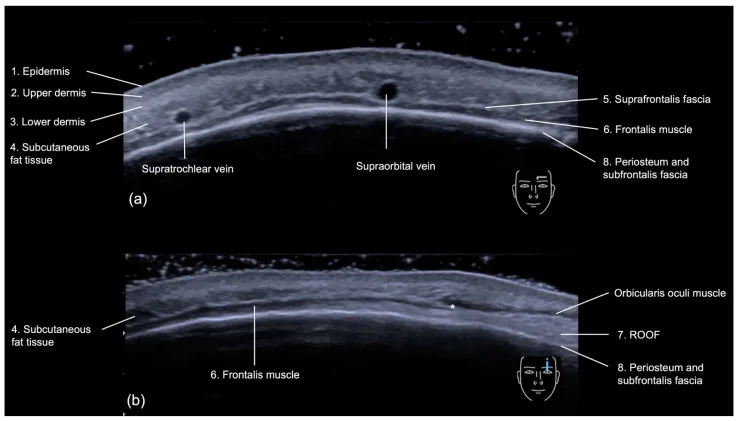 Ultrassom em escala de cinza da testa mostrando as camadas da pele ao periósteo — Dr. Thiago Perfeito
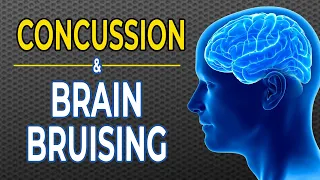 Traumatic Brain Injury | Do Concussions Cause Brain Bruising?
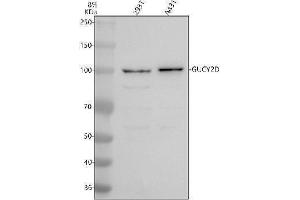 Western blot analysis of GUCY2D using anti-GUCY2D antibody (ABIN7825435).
########################################
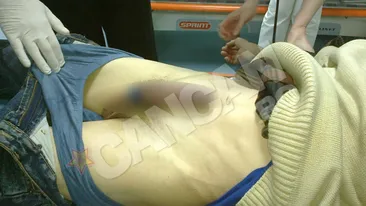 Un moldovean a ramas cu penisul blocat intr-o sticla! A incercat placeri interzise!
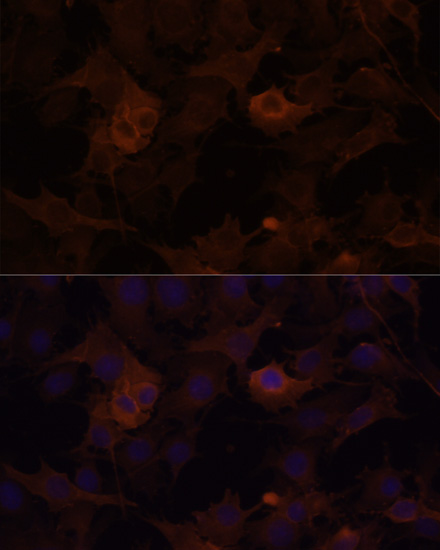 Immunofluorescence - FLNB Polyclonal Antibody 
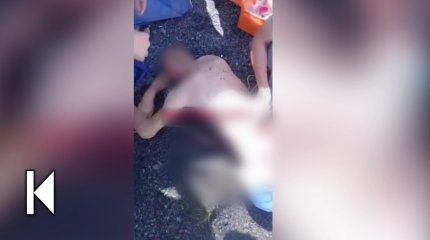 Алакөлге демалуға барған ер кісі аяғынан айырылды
########################################
Reproduce the data above exactly, but only from the line containing "Immunofluorescence - FLNB" through the line containing "Алакөлге демалуға барған"; skip the pictures.

**Solution for this problem:**
 Immunofluorescence - FLNB Polyclonal Antibody 
 Алакөлге демалуға барған ер кісі аяғынан айырылды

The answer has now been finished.